To get to this number Sahavisi simply takes Britain’s average wage and says that’s what a cleaner should get. This is how she sets about calculating what she claims the wage ought to be.

“An average UK employee earns £518 each week for working an average of 37 hours. Accounting for lunch breaks and statutory paid leave – to which a cleaner is generally not entitled – this means that an average person earns £18.14 per actual working hour. Adding in £3 for a return bus fare, a cleaner should therefore be paid £21.14 to clean for an hour, or £39.28 for a two-hour session (and more for those based in London).”

This is to entirely ignore – if she ever got it in the first place – the point about wages. In a market economy, prices are set to balance supply and demand.

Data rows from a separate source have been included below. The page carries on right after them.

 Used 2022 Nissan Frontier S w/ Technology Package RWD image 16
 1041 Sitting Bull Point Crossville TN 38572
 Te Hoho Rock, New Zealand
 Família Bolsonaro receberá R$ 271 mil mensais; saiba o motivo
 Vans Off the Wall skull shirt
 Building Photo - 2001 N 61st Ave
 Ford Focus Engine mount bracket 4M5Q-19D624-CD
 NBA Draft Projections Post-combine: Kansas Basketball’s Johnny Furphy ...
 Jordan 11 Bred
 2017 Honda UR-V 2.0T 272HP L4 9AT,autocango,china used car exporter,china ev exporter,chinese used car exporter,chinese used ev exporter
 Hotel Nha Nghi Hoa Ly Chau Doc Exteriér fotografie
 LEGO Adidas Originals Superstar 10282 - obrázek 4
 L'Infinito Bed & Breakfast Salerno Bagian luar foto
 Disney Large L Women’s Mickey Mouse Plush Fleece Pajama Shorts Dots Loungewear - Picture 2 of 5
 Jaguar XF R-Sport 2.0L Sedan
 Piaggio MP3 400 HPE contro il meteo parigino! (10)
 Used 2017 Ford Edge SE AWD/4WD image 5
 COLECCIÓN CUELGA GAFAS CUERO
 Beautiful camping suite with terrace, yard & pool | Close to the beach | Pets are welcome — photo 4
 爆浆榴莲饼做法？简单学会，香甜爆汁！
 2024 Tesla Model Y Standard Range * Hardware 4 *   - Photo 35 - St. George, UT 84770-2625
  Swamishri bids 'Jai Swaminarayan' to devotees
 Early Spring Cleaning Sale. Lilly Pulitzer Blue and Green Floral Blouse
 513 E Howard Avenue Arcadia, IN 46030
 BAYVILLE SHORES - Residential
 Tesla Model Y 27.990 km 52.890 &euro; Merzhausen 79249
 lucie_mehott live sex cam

A lot of people who would like to have their homes or businesses cleaned, and are generally prepared to pay around £9 an hour for the labour involved. Just as there is plenty of demand, so there are a lot of people willing to do the job for that wage.

Raising cleaners’ wages for some reasons, moral or otherwise, would simply mean fewer people being willing to pay and more people willing to do the job. We would end up with a glut of willing cleaners and a dearth of clean places, which seems to not be a particularly desirable state of affairs. Again, this is where the price system comes in, matching the number of people willing to do a job with those willing to pay for it.

Even looking at this issue from a purely moral point of view, arguing that cleaning is difficult, unpleasant work and should be paid more, the idea still doesn’t work. True, the idea of a ‘fair price’ goes back as far as Aristotle, and St Thomas Aquinas reintroduced it to Western thought. But, having had another thousand years or so to think about it, it’s pretty clear the concept is misguided. The only ‘fair’ price, the true and fair value, is what someone is willing to pay. That cuts both ways of course, if people are offering wages well below the market rate, they may well find they don’t get the right person for the job, or that no one wants to do it at all.

At the root of the problem here is the failure understand that the economy is positive, not normative. Economics says “this is what is” and not ‘here is what should be’. Of course, it’s possible to describe how the world should be according to whatever set of precepts or morals anyone wants to use. But that doesn’t mean that it is possible to get this world to that point, nor that it will stay there if it can be.

The ultra-left wing dream of a society where all incomes are equal is a fine example of something that sounds great in the abstract, but have never been since in practice and would not last if it did. Countries that have tried to enforce such a system – Cuba, say, or the Soviet Union – have not exactly been renowned for their high standards of living and vibrant economies. The problem again is that without price signals, human labour is not readily directed to where it is most valuable.

Which brings us back to Shahvisi’s contention that cleaners should be paid £20 an hour. It is no moral judgment on what cleaners do to point out that in today’s Britain their labour is not worth £20 an hour. The fact very few are paid such a high amount is proof enough of that. Now, we could introduce some kind of £20 minimum wage for cleaning, but the result would be that most people stopped hiring cleaners at all, which I think most people agree would not be a particularly good thing. Of course, if you’re a Guardian columnist who feels inclined to pay a lot more than the normal rate to outsource your domestic labour, that’s your prerogative – it’s a free country, as they say.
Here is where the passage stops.